India’s gross domestic product (GDP) growth rate could rise to 6.4 per cent from the earlier 6 per cent, according to S&P Global Ratings forecast on Friday. However, the GDP growth estimate has been cut by 50 basis points (bps) to 6.4 per cent for FY25. The rating agency on Monday in its "Economic Outlook Asia-Pacific Q1 2024: Emerging Markets Lead The Way", said, "We have revised up our projection for India's GDP growth for fiscal 2024 (ending in March 2024) to 6.4 per cent, from 6 per cent, as strong domestic momentum seems to have offset headwinds from high food inflation and weak exports."
According to S&P Global, "Still, we expect growth to slow in the second half of the financial year amid subdued global growth, a higher base, and the lagged impact of rate hikes. As a result, we have lowered our outlook for growth in fiscal 2025 to 6.4 per cent from 6.9 per cent." It said that the fixed investment in India has recovered more than private consumer spending. However, the agency's projection is lower than the central bank's 6.5 per cent.

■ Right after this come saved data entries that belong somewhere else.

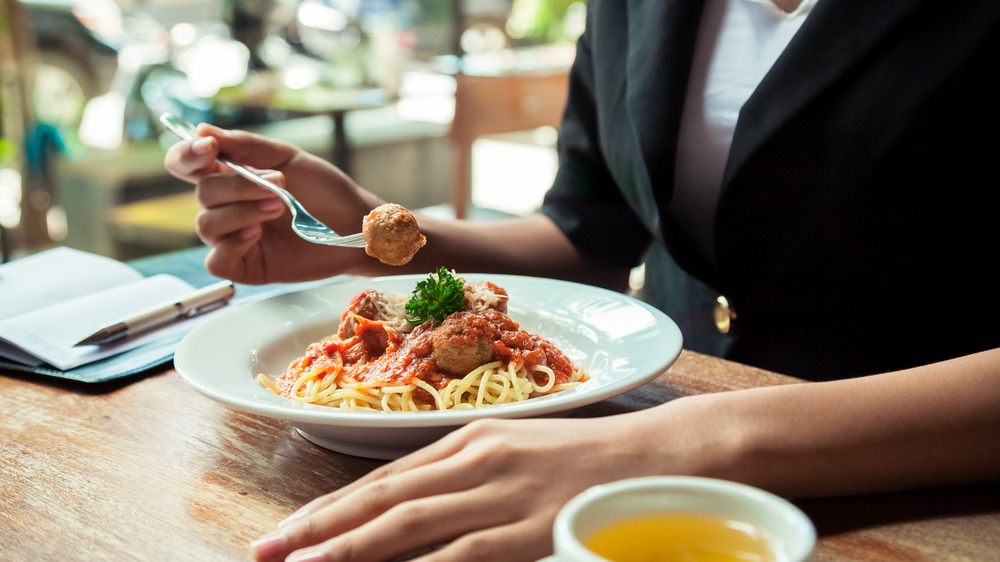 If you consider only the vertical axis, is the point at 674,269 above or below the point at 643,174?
below

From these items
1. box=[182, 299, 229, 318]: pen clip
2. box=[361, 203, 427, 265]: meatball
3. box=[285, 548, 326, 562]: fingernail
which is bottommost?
box=[182, 299, 229, 318]: pen clip

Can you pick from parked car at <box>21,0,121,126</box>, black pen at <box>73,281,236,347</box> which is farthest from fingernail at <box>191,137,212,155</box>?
parked car at <box>21,0,121,126</box>

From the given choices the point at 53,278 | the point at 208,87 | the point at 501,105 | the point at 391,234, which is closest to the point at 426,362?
the point at 391,234

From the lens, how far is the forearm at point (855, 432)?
74 centimetres

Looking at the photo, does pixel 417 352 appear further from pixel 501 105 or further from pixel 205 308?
pixel 501 105

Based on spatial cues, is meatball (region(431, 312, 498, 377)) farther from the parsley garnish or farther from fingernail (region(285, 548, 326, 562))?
fingernail (region(285, 548, 326, 562))

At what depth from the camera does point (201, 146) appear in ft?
4.39

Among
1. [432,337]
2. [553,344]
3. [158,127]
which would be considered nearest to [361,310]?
[432,337]

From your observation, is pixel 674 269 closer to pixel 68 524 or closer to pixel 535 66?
pixel 68 524

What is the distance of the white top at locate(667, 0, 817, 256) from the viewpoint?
1.38 metres

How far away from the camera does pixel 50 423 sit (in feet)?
3.44

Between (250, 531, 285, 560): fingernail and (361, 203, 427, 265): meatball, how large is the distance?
0.52 meters

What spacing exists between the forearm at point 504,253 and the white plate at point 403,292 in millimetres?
112

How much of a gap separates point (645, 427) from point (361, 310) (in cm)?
55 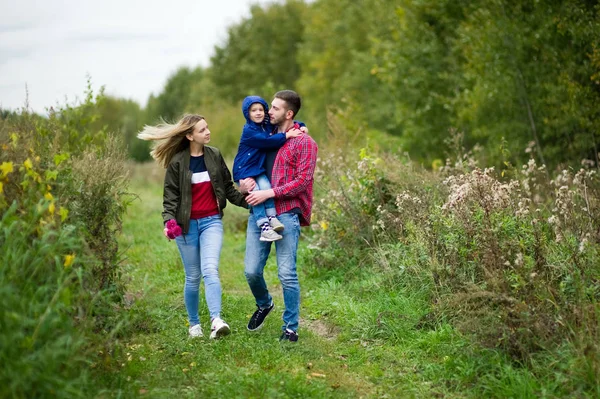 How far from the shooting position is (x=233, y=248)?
1158 cm

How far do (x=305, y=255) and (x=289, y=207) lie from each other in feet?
12.1

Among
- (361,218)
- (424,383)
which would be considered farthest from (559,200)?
(361,218)

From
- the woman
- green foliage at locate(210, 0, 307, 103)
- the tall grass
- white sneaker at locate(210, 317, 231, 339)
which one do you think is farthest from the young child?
green foliage at locate(210, 0, 307, 103)

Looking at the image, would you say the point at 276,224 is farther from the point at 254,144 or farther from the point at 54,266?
the point at 54,266

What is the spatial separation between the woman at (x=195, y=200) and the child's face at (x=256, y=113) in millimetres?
502

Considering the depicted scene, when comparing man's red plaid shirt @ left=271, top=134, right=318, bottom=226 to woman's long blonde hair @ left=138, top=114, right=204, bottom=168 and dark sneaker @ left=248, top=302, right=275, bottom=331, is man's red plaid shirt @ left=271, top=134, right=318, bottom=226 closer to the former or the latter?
woman's long blonde hair @ left=138, top=114, right=204, bottom=168

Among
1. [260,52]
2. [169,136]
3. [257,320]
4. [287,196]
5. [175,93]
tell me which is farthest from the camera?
[175,93]

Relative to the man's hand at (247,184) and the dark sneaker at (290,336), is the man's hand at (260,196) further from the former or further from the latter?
the dark sneaker at (290,336)

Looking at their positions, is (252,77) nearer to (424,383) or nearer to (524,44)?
(524,44)

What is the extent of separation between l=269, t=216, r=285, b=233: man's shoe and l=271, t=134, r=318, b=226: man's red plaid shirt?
0.32 feet

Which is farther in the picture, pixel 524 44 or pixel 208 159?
pixel 524 44

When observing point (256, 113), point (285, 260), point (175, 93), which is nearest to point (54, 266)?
point (285, 260)

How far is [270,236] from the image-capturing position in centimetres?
572

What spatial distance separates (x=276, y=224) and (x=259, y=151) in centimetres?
73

For FY26, the agency has kept India's GDP growth projection unchanged at 6.9 per cent.
The Union statistics ministry will release GDP data for July-September at 5:30pm on November 30 (Thursday).
On retail inflation, S&P Global said that in FY24, India is expected to log inflation of 5.5 per cent, which is under the Reserve Bank of India (RBI)'s upper tolerance band of 6 per cent. In FY25, it is expected to be lower at 4.5 per cent.
S&P Global said, "In India, there was a transitory spike in food inflation in the July-September quarter, but it appears to have had little effect on underlying inflation dynamics. Still, headline inflation remains above the RBI's target of 4 per cent, suggesting it will be a while before the rate cycle turns."